-------- Material for this exercise

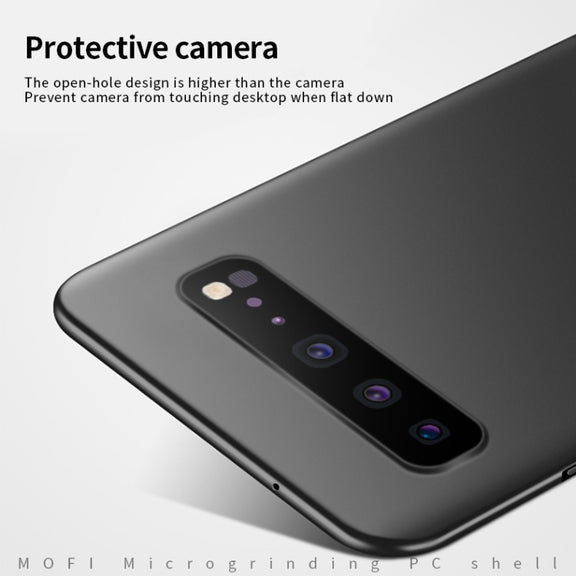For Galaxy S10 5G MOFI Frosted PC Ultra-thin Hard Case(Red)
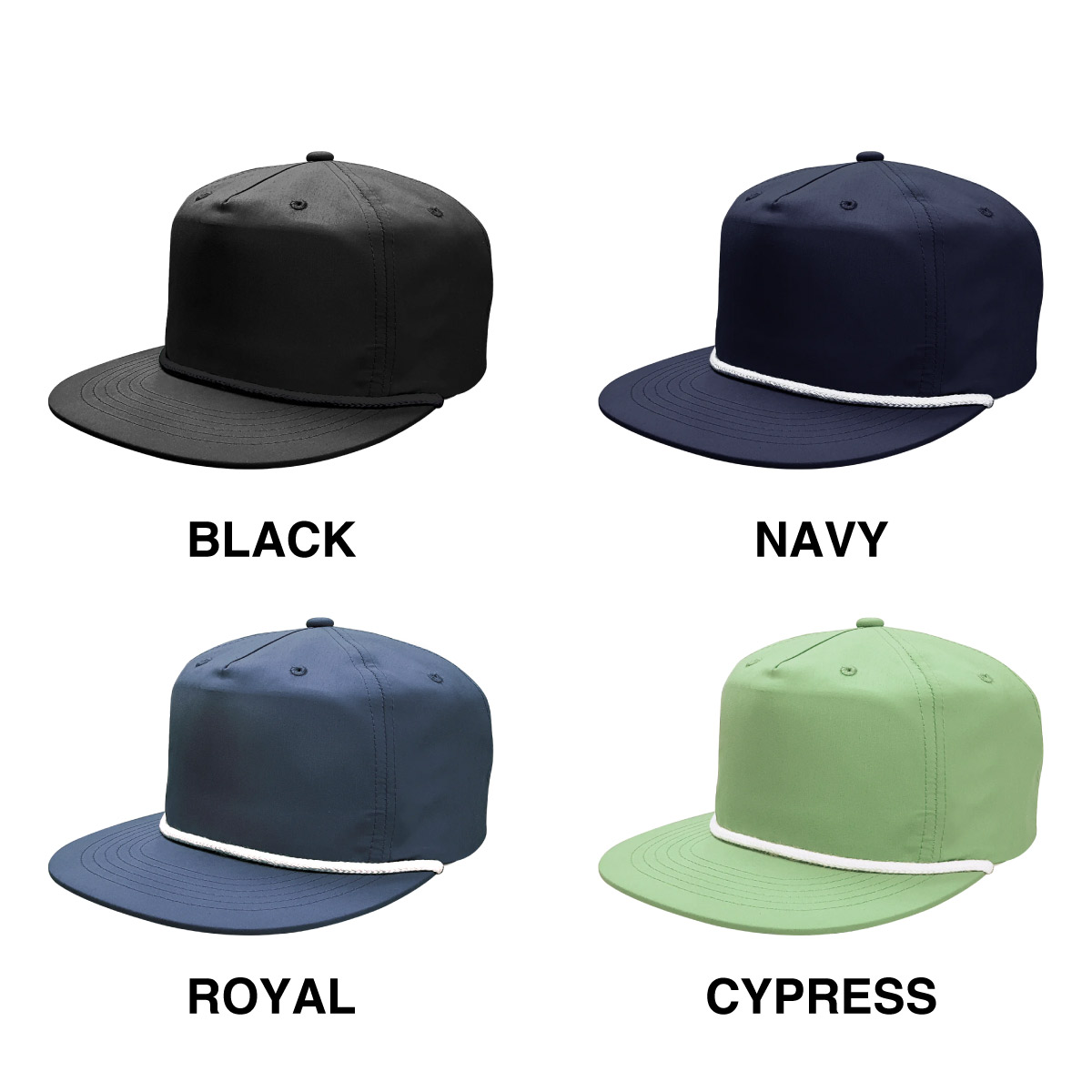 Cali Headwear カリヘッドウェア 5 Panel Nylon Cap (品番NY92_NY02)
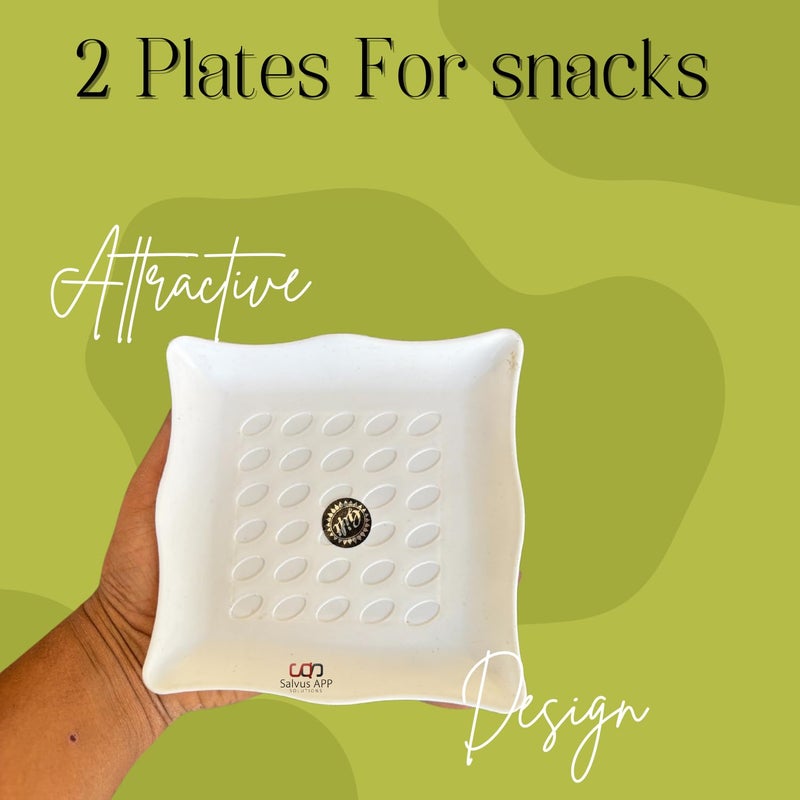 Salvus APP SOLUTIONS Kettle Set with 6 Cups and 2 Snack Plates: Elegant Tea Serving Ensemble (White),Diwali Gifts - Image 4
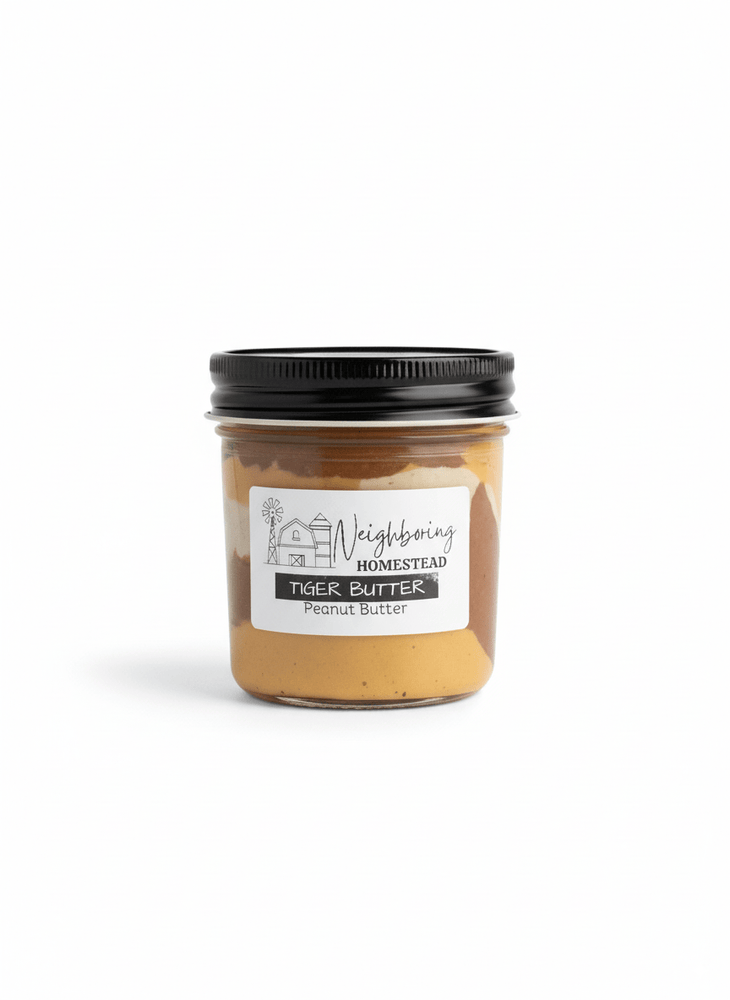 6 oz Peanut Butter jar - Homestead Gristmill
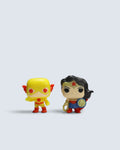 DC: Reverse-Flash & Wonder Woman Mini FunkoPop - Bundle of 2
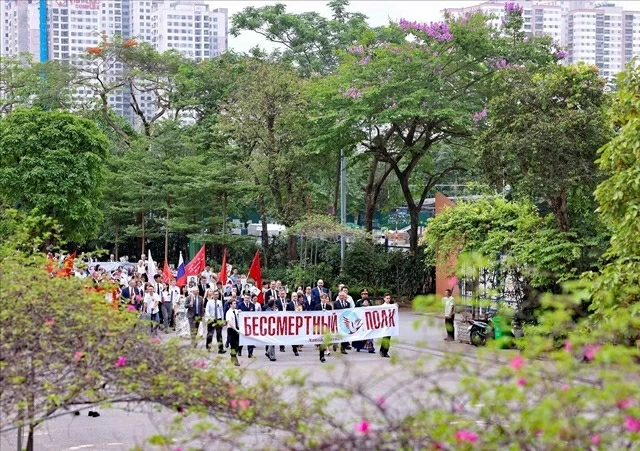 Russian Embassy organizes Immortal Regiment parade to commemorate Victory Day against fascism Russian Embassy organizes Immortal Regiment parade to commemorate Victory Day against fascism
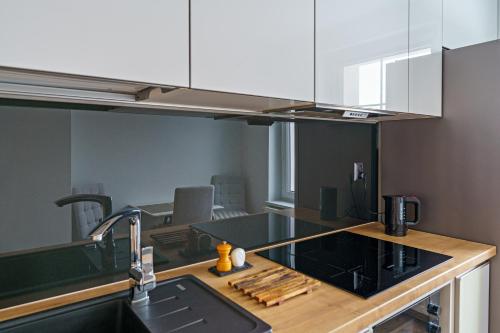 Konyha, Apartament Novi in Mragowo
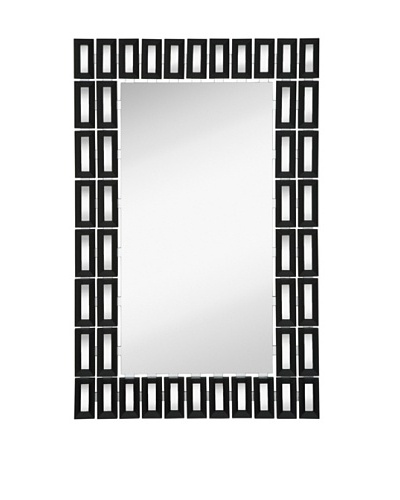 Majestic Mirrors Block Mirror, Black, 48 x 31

----------------
-------- Material for this exercise

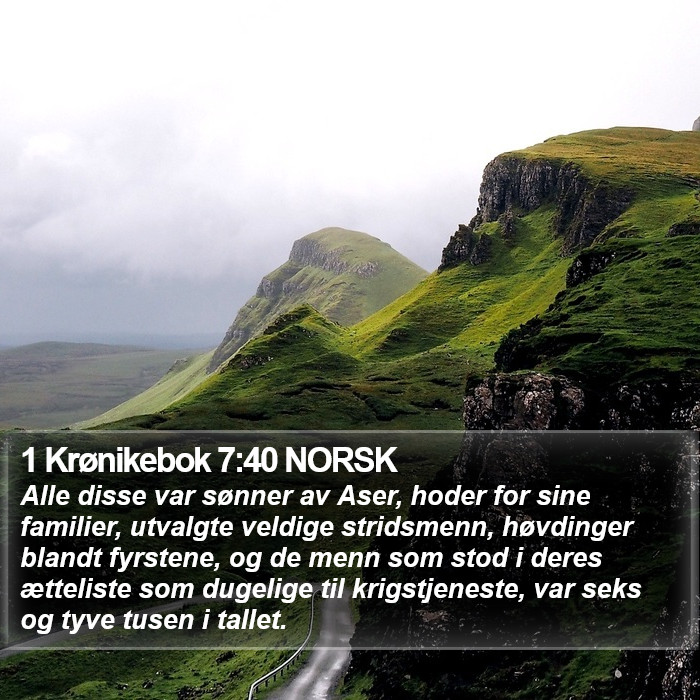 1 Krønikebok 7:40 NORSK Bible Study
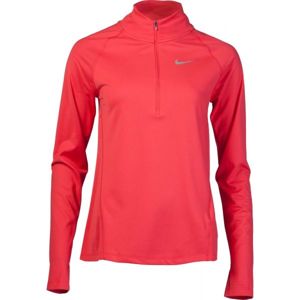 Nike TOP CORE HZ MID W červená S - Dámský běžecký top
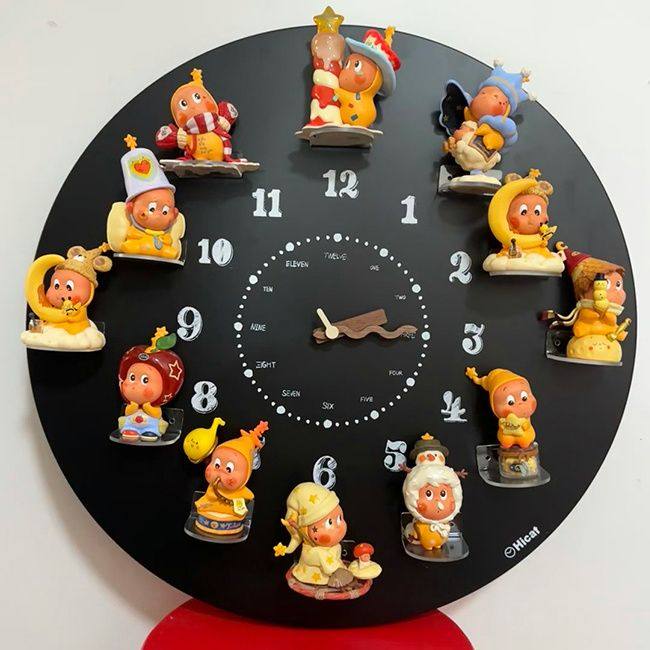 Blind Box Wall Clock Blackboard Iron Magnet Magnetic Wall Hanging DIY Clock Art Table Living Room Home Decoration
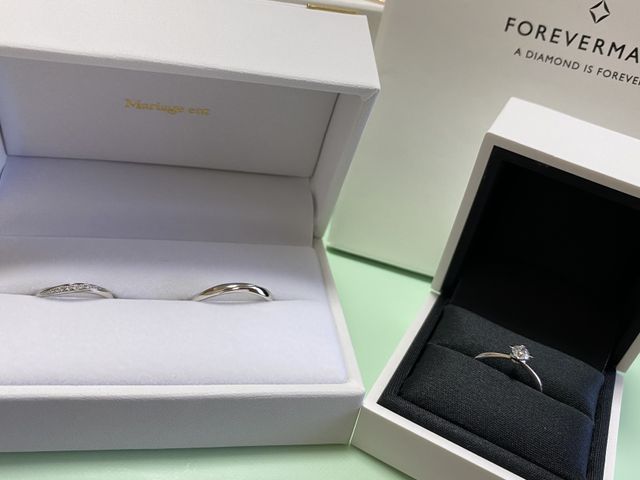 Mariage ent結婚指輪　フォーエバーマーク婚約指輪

----------------
-------- Material for this exercise

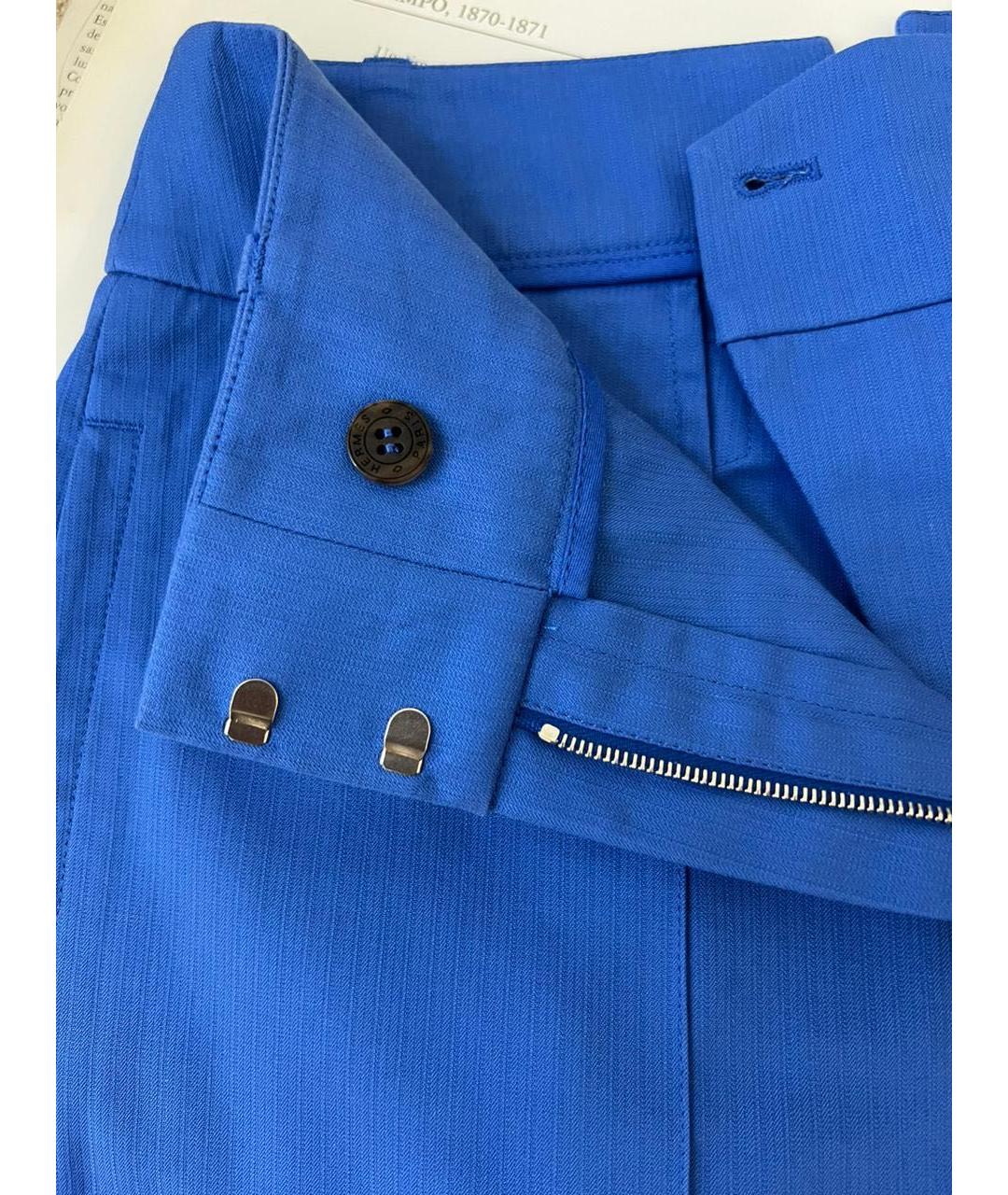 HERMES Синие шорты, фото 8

----------------

▶ [Exercise] Starting at the line containing "Konyha, Apartament Novi in Mragowo" and finishing at the line containing "Majestic Mirrors Block", return those lines exactly as they appear above, without the pictures.

▶ [Written answer]
 Konyha, Apartament Novi in Mragowo
 Majestic Mirrors Block Mirror, Black, 48 x 31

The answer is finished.